Antivirus Tools Ineffective Magic, Says Google’s Senior Security Engineer
Antivirus are largely ineffective and the security field should focus on something more lucrative for technology.
It is a common conception that antivirus is essential to a computer system, but Google’s senior security engineer Darren Bilby believes to the contrary.
Speaking at Kiwicon hacking conference last November, Bilby, manager of Platform Integrity team as part of the Enterprise Infrastructure Protection Group, explained his stance. In his opinion, antivirus apps are largely ineffective and the security field should focus on something more lucrative for technology.
He referred to a series of cyberattacks namely 2009 Operation Aurora campaign, that made several computers vulnerable to attacks. Holding attacks like those as example, he builds on his stance that antivirus has been in fact, ineffective.

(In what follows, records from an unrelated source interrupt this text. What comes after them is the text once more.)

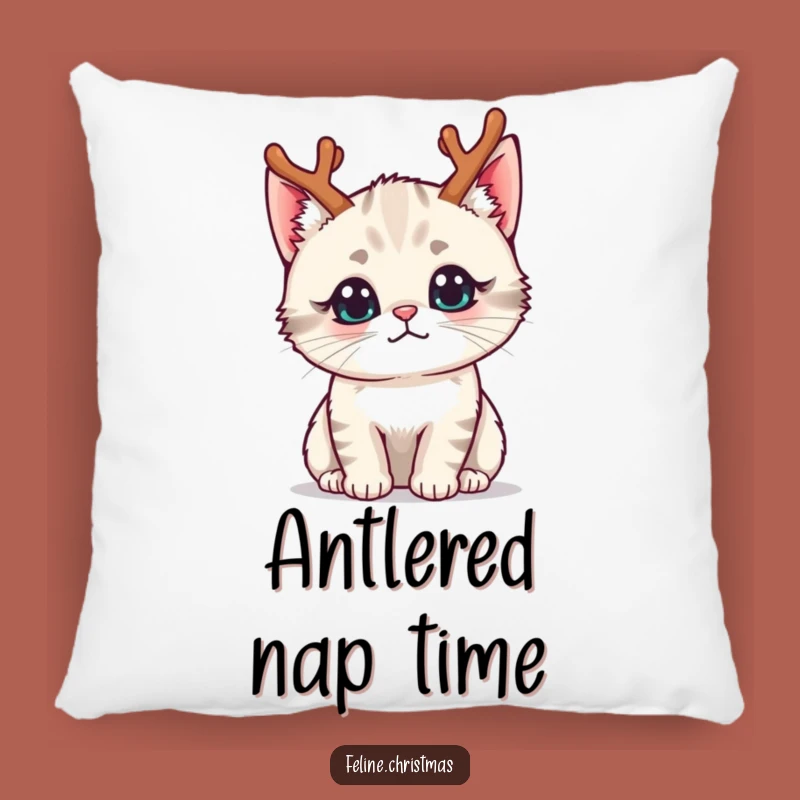 Soft Funny Kawaii Reindeer Cat Pillow - Cozy Curious Accent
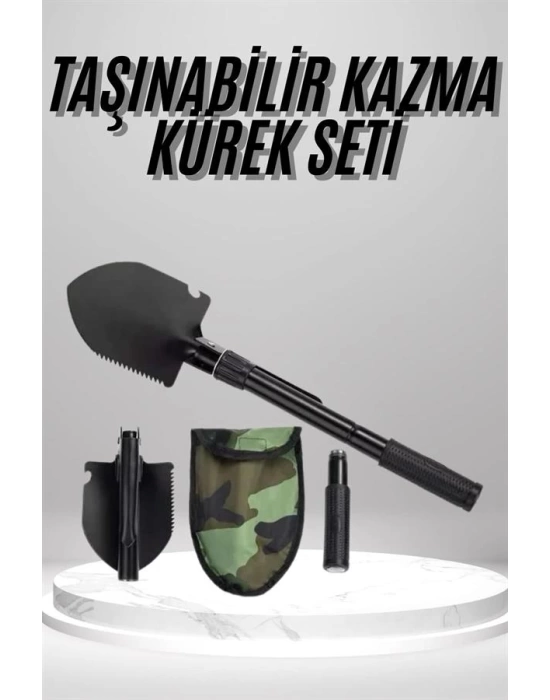 Pusulalı Katlanabilen Portatif Çantalı Mini Kazma Kürek Seti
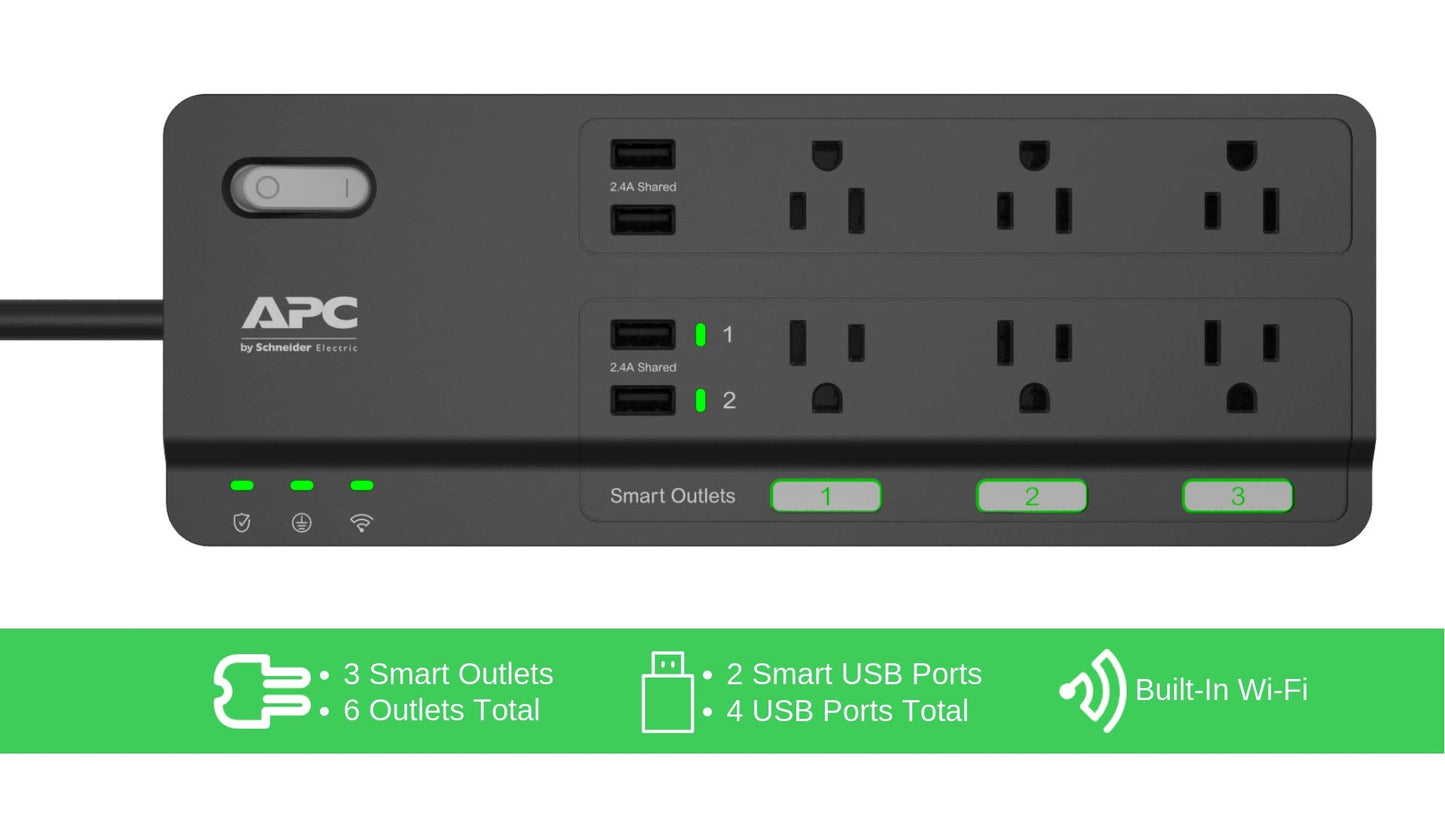 APC Smart Plug Wi-Fi Power Strip with USB Ports, PH6U4X32, 3 Smart Plugs that Work with Alexa, 6 Outlets Total, 2160 Joule Surge Protector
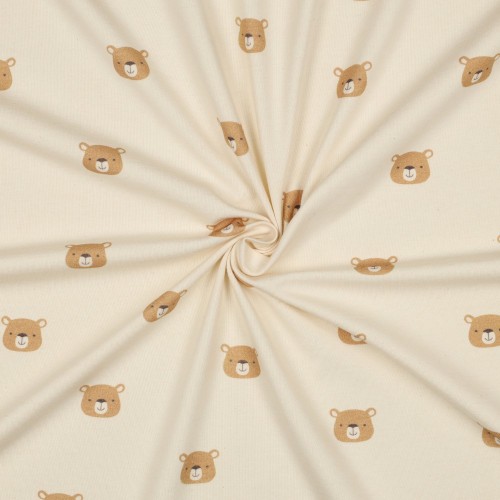 Jersey di Cotone Biologico GOTS, Orsetti, Beige...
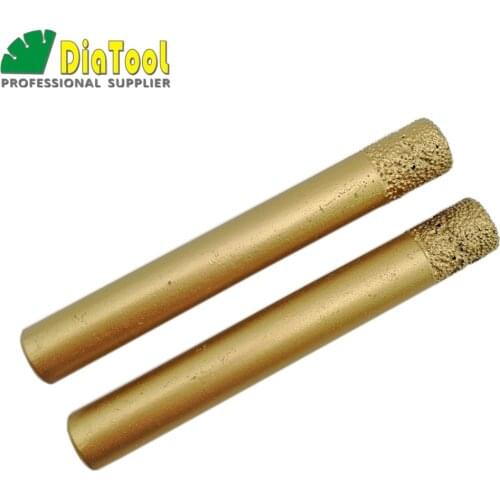 DIATOOL 2PCS CNC Engraving Bits For Stone(10/12mm) Flat-end, Striaght Diamond Burrs, Vacuum Brazed Diamond Carving Bits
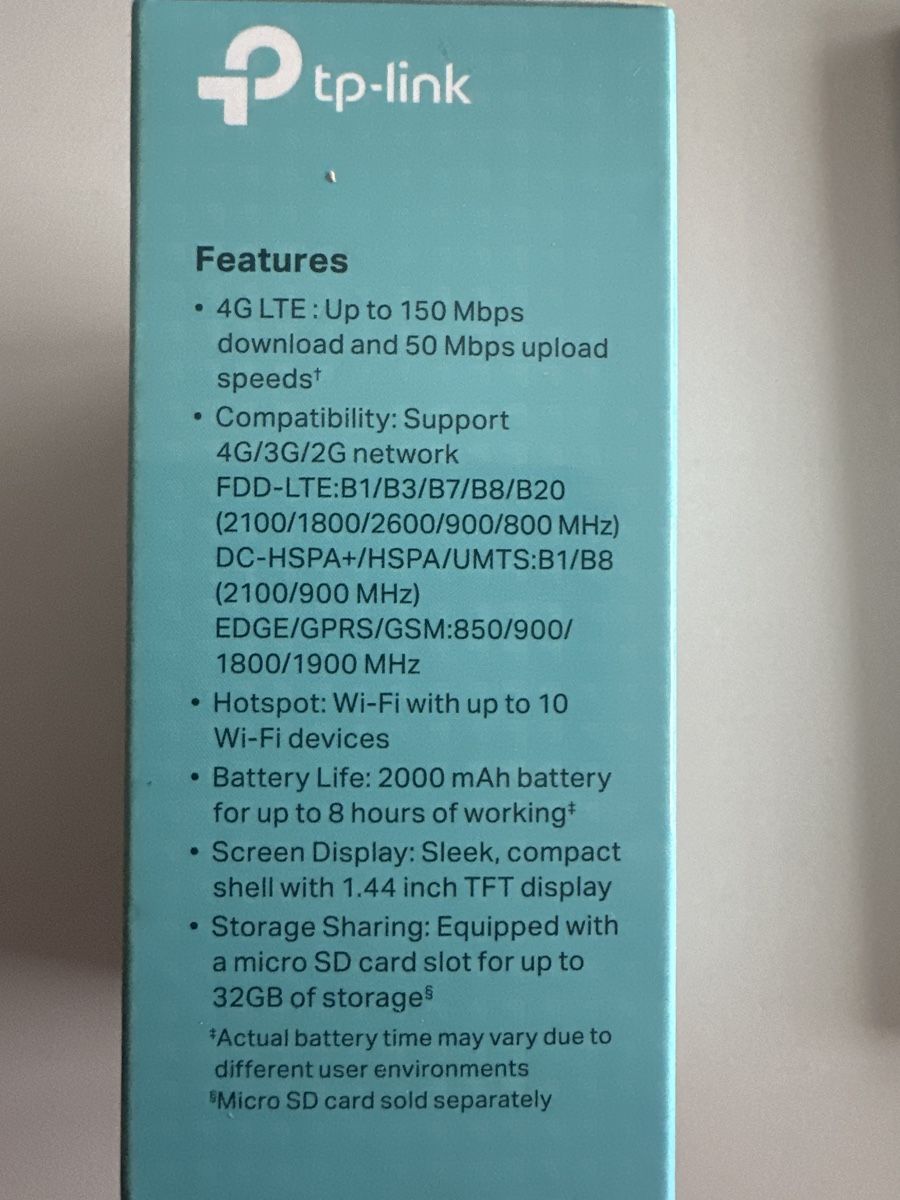 TP-Link Modem & Router: Tp-link 4G LTE M7350 – Usato da Kienberg venduto da myormi80 3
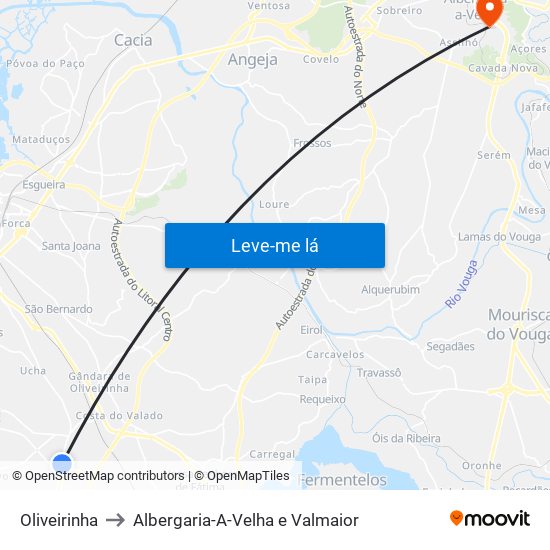 Oliveirinha to Albergaria-A-Velha e Valmaior map
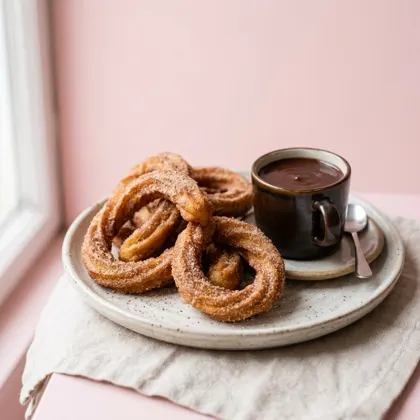 Churros com chocolate quente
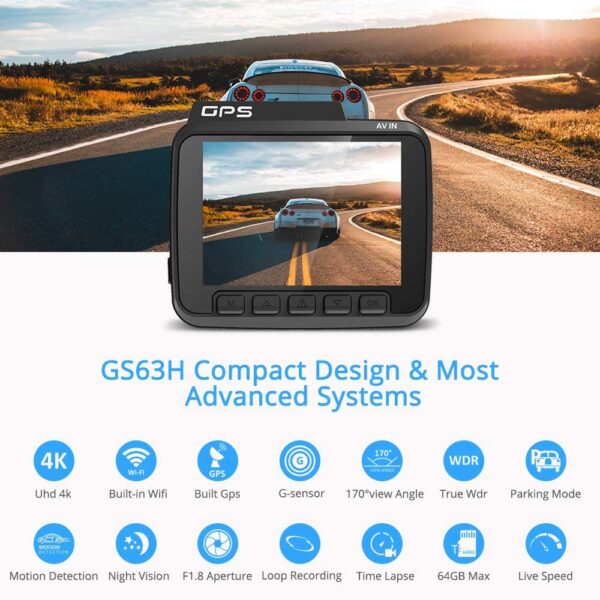 Portable 4K 2160P Dual Lens Dashcam with G-Sensor - Image 3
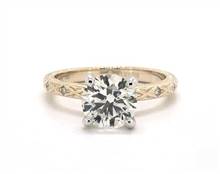 Floral Blossom & Pave Notes Engagement Ring in 14K Yellow Gold 4mm Width Band (Setting Price) | James Allen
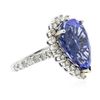 Image 4 : 14KT White Gold 9.90ct GIA Certified Tanzanite and Diamond Ring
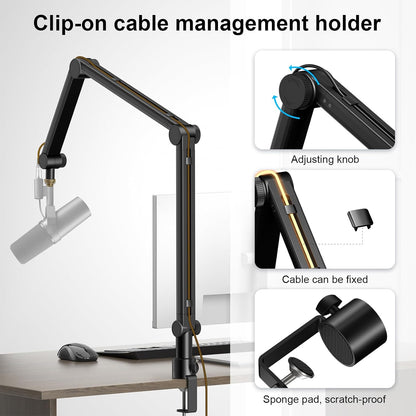Microphone Arm,Aokeo AK-35 Microphone Desk Stand-Microphone Suspension Boom Scissor Arm Stand For Blue Yeti,Blue Snowball iCE,QuadCast,Elgato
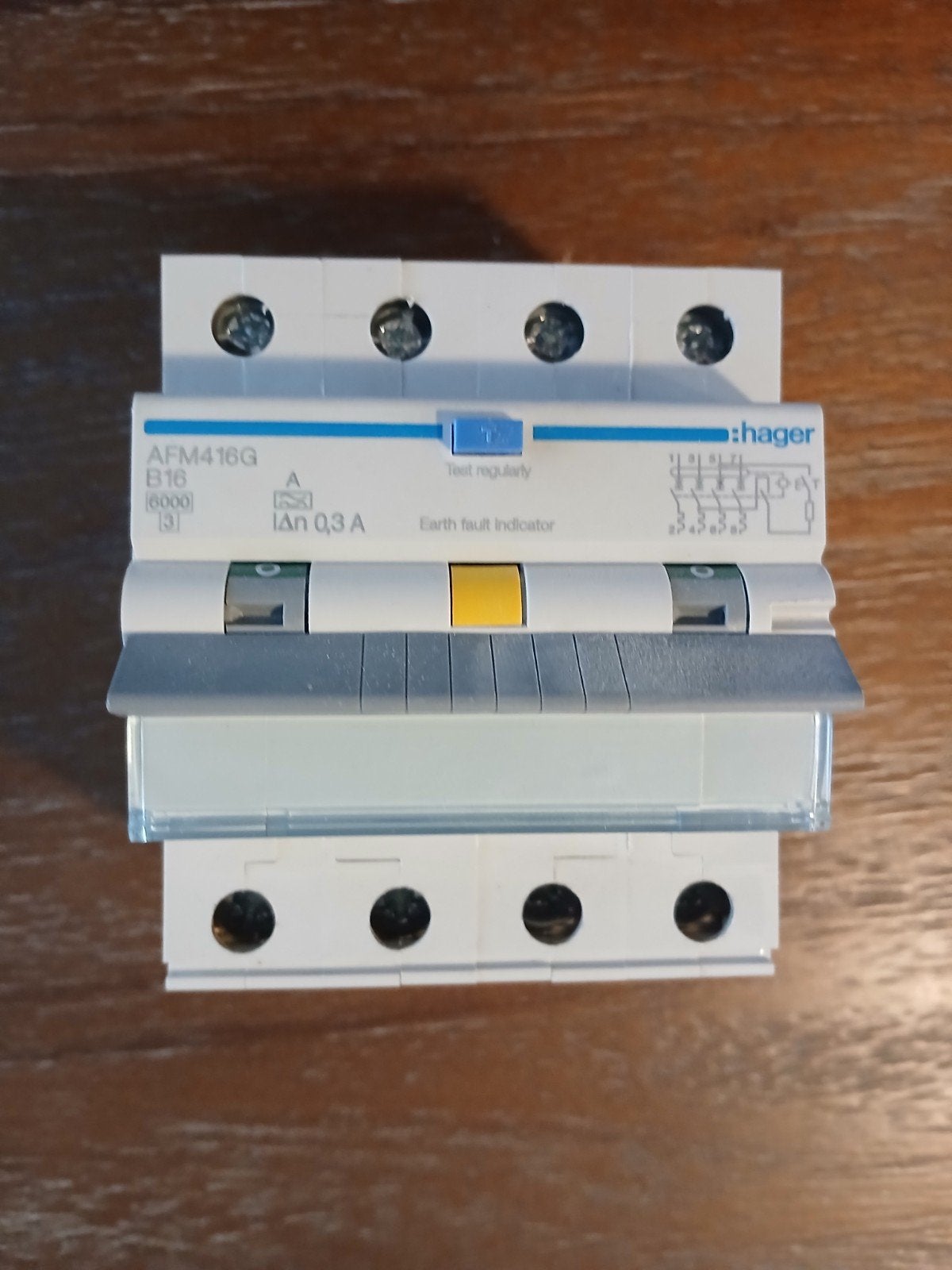 Hager AFM416G B16 aardlekautomaat 300 Ma, Ophalen of Verzenden, Zo goed als nieuw, Hager, Aardlekautomaat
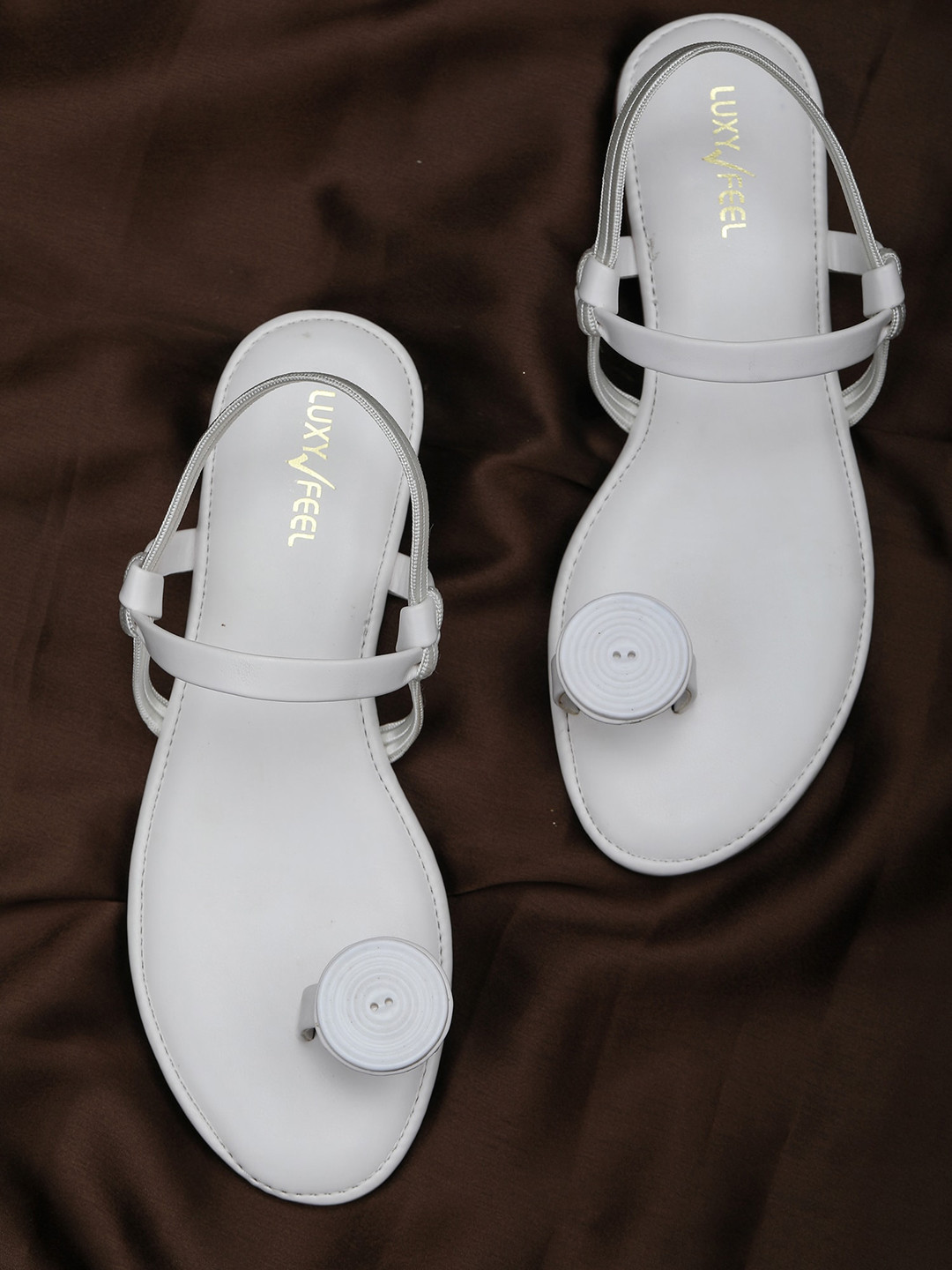 

Luxyfeel Strappy One Toe Flats, White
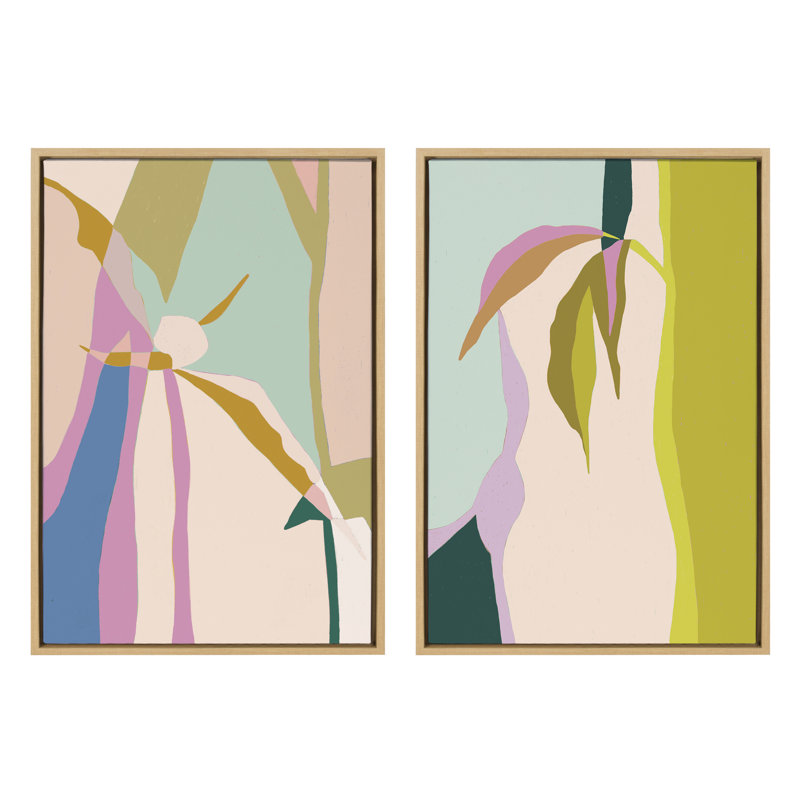 «Delight in the Moment 1 and 2» par Alicia Schultz, ensemble d'art mural sur toile encadrée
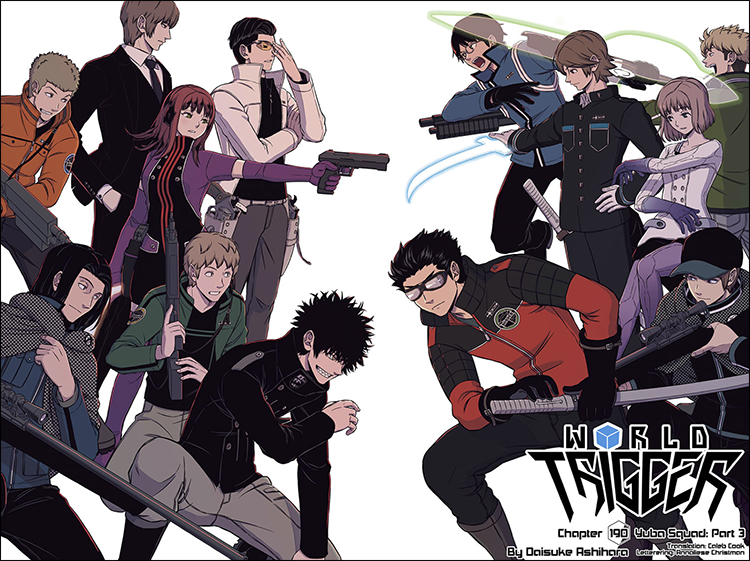 shonenjump's tweet photo. World Trigger, Ch. 190: It’s a back-and-forth battle with everyone’s tactical prowess put to the test! Which squad will gather the most points?! Read it FREE from the official source! https://t.co/O1VmTyHqc4 https://t.co/sUXAPcVEAX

Antivirus, he continues, are mostly ineffective magic that admins install out of compulsion, and not because they are effective. Instead of investigating products that haven’t performed, it is necessary to invest effort in an alternate solution. He went to surmise:
Antivirus does some useful things, but in reality it is more like a canary in the coal mine. It is worse than that. It’s like we are standing around the dead canary saying ‘Thank god it inhaled all the poisonous gas’.
Focusing On Effective Solutions
The Google engineer eventually calls for security experts and hackers to concentrate on things that are more important, such as intrusion detection systems that can make a difference and protect users even if they access malicious websites or open compromised documents.
And sure you are going to have to spend some time on things like intrusion detection systems because that’s what the industry has decided is the plan, but allocate some time to working on things that actually genuinely help.
Most companies blame users for getting their system compromised because they click on links and files that are infected. In reality, the security of these systems isn’t competent enough to protect them. This calls for security engineers to focus on fortifying the system.
According to Bilby, networks are not stable enough. Individuals can use mobile networks to upload data to various cloud services that are not adequately protected.
Thoughts on effectiveness of an antivirus are much varied. However, it is reasonable on Bilby’s part to urge his fellow security personnel to devote effort to building a robust and secure system.
We are giving people systems that are not safe for the internet and we are blaming the user.